The walls of the Victorian house were covered in old fashioned wallpaper- thankfully not the harsh neon pink kind that you were still finding littered throughout your home, yet still rather ugly in your opinion.

The soothing chorus of a piano descended from the winding staircase, reminding you of why you were here in the first place. Something was calling you and you needed to see what it wanted. This felt significantly vital, the mere thought of turning around and leaving sending tremors down your spine.

With the confident strides of one who knew this place like the back of your hand, you trudged up the stairs, following the melody that drew you in like a moth to flame. You didn't know what would await you once you found the instrument, but it had to be important, you could tell by the very way your soul was tethered to it.

Reaching the top steps you were met with the straight corridor of your childhood home. Phantoms of you and your siblings roughhousing in the hall and getting yelled at by your parents as they accused you of damaging their home played through your mind- it was one dent, okay!

Cautiously, you opened every door within the hall, searching for the fated piano and yet finding nothing. However, you did notice that your's and your sibling's bedrooms were all in the same state they had been in over ten years ago. It was like looking through the lens of time, an eerie sense of nostalgia putting you on edge.

The piano's never ending song began to crescendo as you stood before the final door at the very end of the hall; the entry to the attic. Long ago your mother had ordered you and your siblings to never go up there no matter what- even if the priest she had hired said it was fine, and to further enforce this rule, she bolted the door shut with a lock only she had the key for.

Though looking at it now, there was no keyhole, only the gold plated door knob that enticed you with its sweet promises of unveiling all the secrets of your childhood. And like a naive child realising their parents left the cookie jar out, you took the bait, creaking open the solid rosewood door.

A steep staircase loomed over you threateningly as though it were trying to warn you to turn back now, but curiosity is such a dreadful thing, and the piano chords were chiming such a gentle tune now.

Stumbling up the stairs like a sailor caught in a siren's spell, you finally make it to the top, the rosewood roof overhead, protecting the plentiful amount of cardboard boxes within from the cruelty of mother nature. However, yet again, there was no piano- but it was here! In this room! You could hear it- feel it in your veins as if it were your very blood!

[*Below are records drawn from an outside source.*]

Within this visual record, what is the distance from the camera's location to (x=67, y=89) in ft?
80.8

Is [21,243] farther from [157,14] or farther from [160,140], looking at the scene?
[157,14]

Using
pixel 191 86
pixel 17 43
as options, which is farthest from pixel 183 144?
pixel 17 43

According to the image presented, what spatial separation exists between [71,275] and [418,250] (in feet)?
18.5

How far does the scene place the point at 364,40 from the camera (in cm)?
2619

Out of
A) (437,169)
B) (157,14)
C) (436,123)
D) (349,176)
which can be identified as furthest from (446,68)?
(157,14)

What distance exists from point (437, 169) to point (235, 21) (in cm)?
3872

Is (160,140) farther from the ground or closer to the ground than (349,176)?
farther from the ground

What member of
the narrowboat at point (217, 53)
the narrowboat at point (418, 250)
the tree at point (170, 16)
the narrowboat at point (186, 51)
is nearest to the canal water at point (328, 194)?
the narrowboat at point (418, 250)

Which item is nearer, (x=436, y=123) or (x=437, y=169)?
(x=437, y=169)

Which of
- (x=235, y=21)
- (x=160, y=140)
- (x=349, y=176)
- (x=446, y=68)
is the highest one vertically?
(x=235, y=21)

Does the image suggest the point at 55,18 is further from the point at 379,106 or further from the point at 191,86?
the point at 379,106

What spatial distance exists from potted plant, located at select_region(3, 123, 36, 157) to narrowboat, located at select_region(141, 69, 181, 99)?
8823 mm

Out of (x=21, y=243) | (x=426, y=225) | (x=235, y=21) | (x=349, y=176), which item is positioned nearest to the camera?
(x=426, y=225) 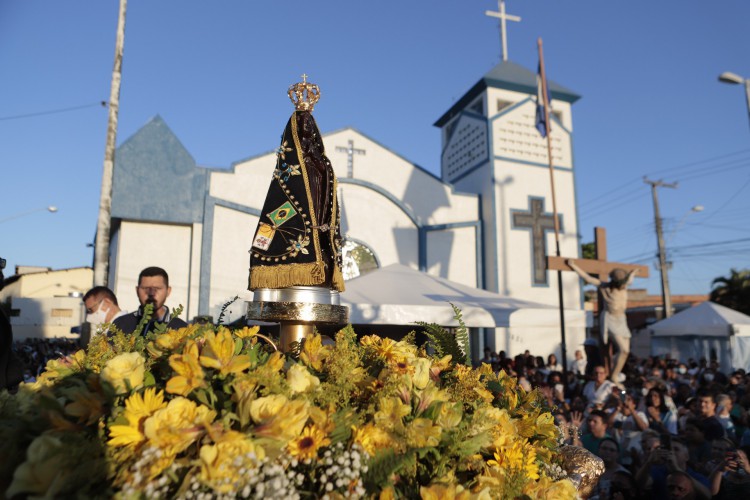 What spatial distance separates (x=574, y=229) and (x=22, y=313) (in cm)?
3014

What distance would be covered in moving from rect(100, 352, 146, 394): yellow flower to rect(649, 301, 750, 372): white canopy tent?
1751 cm

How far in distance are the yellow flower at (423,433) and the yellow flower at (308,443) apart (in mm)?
203

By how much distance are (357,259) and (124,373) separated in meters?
13.2

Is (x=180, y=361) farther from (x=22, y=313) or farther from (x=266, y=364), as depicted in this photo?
(x=22, y=313)

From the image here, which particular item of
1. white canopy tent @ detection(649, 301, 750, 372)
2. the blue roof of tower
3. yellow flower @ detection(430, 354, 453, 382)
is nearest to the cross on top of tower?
the blue roof of tower

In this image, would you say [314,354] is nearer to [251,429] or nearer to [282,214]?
[251,429]

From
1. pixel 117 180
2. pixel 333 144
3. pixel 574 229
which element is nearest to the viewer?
pixel 117 180

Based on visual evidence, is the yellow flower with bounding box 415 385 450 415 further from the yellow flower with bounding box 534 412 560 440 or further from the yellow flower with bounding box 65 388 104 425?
the yellow flower with bounding box 65 388 104 425

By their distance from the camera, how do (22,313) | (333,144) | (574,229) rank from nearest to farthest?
(333,144), (574,229), (22,313)

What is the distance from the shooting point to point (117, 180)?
1205cm

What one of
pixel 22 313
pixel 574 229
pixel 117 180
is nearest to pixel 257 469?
pixel 117 180

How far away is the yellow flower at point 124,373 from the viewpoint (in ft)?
3.96

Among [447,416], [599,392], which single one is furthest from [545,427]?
[599,392]

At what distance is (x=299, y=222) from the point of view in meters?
3.06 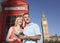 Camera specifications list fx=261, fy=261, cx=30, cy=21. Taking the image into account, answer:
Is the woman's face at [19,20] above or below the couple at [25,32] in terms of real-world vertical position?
above

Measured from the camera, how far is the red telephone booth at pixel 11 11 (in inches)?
102

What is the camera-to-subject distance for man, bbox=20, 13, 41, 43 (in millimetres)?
2541

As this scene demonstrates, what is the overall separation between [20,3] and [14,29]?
0.27 m

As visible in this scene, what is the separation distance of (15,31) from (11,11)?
205 millimetres

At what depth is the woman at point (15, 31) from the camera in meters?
2.60

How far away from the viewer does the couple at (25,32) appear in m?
2.54

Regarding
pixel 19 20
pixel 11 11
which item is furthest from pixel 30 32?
pixel 11 11

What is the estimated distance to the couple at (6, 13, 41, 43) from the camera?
254 cm

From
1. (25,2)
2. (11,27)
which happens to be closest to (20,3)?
(25,2)

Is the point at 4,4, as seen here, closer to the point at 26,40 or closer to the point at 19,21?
the point at 19,21

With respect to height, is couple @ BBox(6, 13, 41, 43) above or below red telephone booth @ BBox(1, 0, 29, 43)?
below

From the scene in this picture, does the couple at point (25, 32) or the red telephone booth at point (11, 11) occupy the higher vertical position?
the red telephone booth at point (11, 11)

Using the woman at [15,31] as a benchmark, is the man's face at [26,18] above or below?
above

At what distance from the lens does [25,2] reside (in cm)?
262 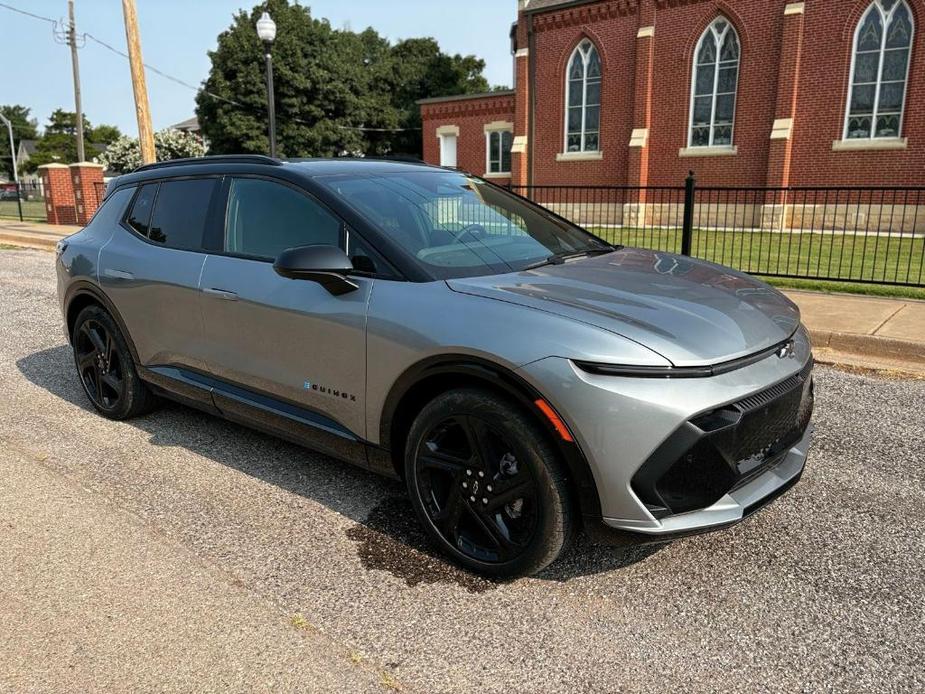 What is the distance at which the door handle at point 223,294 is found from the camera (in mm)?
3717

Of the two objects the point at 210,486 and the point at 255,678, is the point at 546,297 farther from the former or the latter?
the point at 210,486

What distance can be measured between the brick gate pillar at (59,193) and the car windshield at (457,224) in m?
21.5

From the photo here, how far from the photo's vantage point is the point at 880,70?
18.5 m

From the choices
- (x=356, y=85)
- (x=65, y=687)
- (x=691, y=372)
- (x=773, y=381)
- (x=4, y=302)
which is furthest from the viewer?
(x=356, y=85)

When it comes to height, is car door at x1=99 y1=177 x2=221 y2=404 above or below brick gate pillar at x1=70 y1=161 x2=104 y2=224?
below

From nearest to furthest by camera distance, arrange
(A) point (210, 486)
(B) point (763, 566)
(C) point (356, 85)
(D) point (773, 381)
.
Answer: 1. (D) point (773, 381)
2. (B) point (763, 566)
3. (A) point (210, 486)
4. (C) point (356, 85)

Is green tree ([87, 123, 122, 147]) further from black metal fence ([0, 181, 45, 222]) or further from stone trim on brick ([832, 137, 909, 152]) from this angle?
stone trim on brick ([832, 137, 909, 152])

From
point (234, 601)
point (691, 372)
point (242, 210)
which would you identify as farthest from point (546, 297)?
point (242, 210)

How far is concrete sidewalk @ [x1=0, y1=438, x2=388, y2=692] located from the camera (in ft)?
7.70

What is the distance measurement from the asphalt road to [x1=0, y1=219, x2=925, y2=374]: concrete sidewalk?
6.98 ft

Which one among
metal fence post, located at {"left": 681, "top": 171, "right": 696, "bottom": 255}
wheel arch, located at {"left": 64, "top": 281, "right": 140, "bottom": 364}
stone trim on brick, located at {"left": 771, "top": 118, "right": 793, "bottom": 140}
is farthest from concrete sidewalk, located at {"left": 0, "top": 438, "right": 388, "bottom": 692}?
stone trim on brick, located at {"left": 771, "top": 118, "right": 793, "bottom": 140}

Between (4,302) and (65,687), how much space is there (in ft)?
28.7

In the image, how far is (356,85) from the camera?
145 ft

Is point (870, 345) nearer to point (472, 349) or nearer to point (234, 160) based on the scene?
point (472, 349) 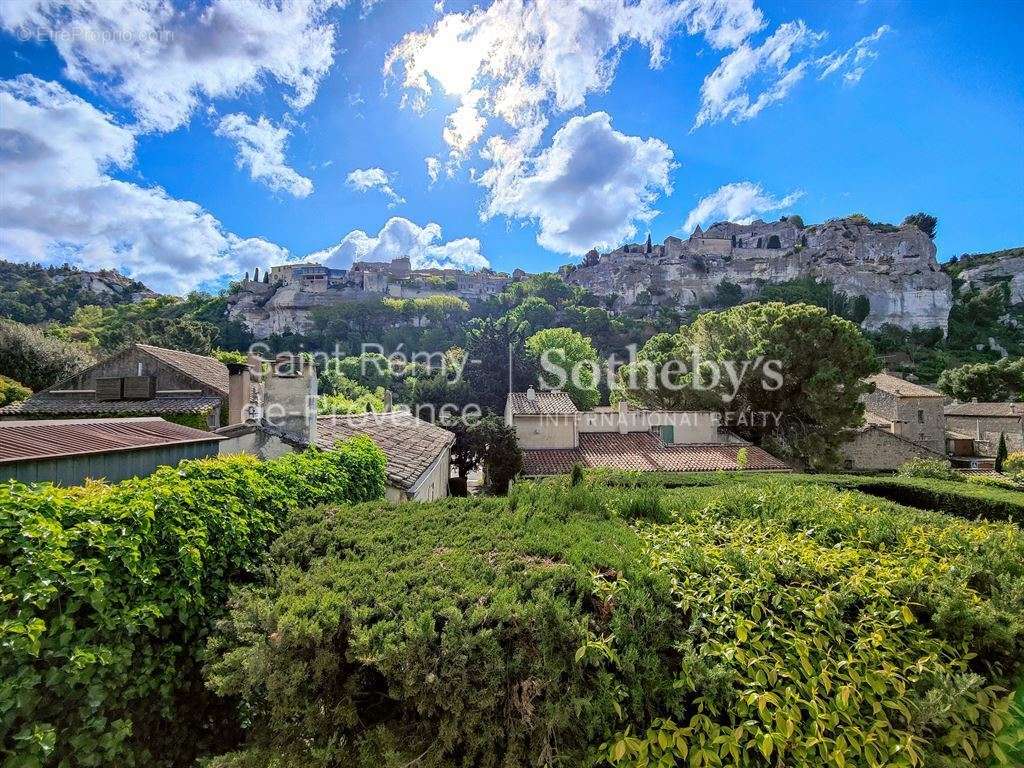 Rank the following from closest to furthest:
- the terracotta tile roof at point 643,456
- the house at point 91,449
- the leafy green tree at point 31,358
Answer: the house at point 91,449 < the terracotta tile roof at point 643,456 < the leafy green tree at point 31,358

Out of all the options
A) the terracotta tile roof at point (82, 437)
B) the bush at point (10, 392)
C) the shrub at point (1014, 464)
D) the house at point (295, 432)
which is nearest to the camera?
the terracotta tile roof at point (82, 437)

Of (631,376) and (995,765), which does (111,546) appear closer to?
(995,765)

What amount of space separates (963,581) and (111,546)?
5024 mm

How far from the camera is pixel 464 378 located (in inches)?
1278

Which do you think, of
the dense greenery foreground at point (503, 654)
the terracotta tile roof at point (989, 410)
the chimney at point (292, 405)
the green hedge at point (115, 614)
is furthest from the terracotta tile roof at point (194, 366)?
the terracotta tile roof at point (989, 410)

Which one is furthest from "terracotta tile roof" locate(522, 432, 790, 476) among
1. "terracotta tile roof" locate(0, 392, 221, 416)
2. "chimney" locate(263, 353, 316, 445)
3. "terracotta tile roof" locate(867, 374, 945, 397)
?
"terracotta tile roof" locate(867, 374, 945, 397)

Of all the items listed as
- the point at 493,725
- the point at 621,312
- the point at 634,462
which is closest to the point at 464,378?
the point at 634,462

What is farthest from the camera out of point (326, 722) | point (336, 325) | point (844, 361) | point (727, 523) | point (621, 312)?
point (621, 312)

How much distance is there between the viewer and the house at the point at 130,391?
1448cm

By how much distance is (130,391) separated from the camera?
14961 mm

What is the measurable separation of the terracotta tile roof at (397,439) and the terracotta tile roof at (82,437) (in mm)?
2651

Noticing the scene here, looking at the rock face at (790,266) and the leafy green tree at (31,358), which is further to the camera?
the rock face at (790,266)

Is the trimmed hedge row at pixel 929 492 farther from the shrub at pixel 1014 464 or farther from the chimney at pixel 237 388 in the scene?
the shrub at pixel 1014 464

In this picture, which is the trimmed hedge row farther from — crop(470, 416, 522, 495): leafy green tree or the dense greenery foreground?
crop(470, 416, 522, 495): leafy green tree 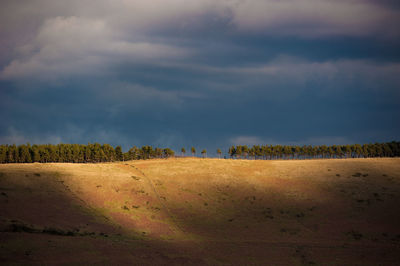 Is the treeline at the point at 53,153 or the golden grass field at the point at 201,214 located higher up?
the treeline at the point at 53,153

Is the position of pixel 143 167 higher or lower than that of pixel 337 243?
higher

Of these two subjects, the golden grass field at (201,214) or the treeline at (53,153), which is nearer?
the golden grass field at (201,214)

The soothing decrescendo of the instrument assisted you in finding its location over by two boxes separated from the rest right in the centre of the room, illuminated by the small circular window that shone sunlight down onto it.

This scene felt familiar.

Tripping over to the middle of the room, your feet suddenly heavy as though they were stuck in cement, you reached the cardboard boxes the melody was emitting from, your mind too unbelievably fogged up to question how a piano could fit inside something so small.

Subconsciously bringing your hand down to open the flaps of the box, the world was struck with a multitude of colours that blazed in your retinas before swirling and distorting. The sickening dizziness associated with falling disorienting you even more than you already were. Until your palm wrapped around- not the cardboard box- but the colourful, rainbow striped fabric of someone's pants.